#### Task directions:
A faithful transcription is wanted of the lines from the top of the material through the line that holds "Delegates consult informally", both ends included, leaving out the pictures.

#### Source data:
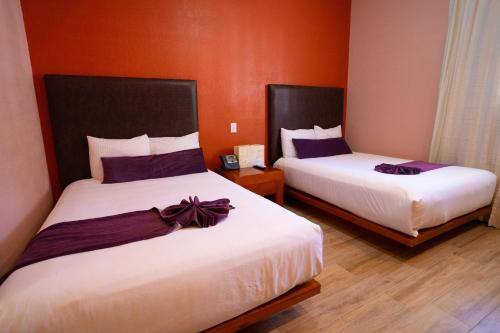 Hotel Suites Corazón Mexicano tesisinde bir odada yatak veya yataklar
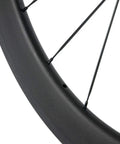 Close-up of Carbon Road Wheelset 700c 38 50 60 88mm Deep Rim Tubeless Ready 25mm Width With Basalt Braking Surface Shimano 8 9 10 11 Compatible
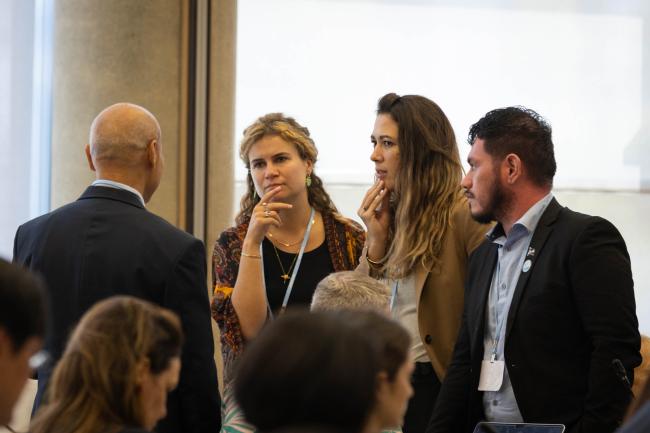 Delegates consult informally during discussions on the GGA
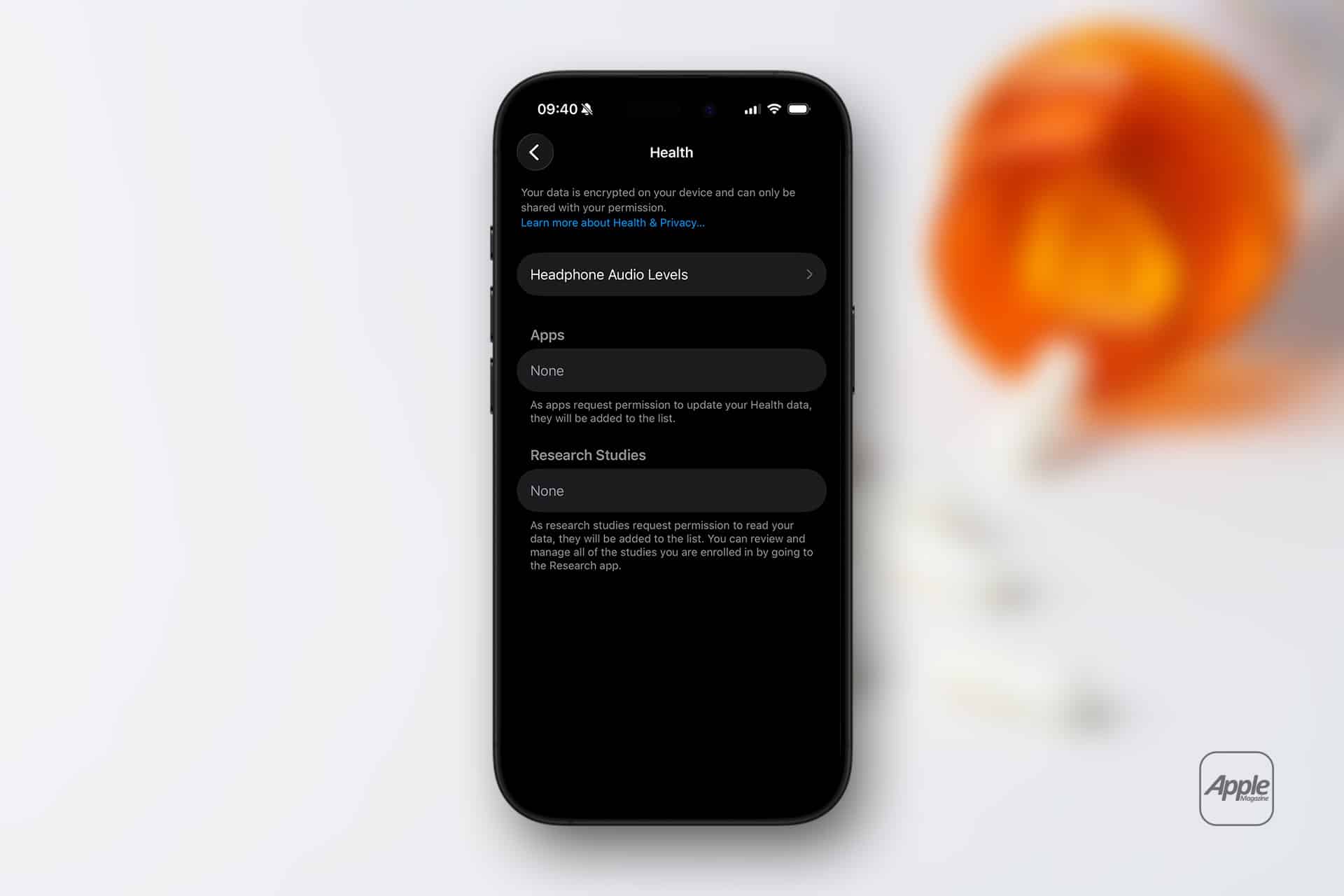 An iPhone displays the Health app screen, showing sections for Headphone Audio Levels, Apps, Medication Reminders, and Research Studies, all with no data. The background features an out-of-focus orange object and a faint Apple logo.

#### Result of the task:
 Hotel Suites Corazón Mexicano tesisinde bir odada yatak veya yataklar
 Close-up of Carbon Road Wheelset 700c 38 50 60 88mm Deep Rim Tubeless Ready 25mm Width With Basalt Braking Surface Shimano 8 9 10 11 Compatible
 Delegates consult informally during discussions on the GGA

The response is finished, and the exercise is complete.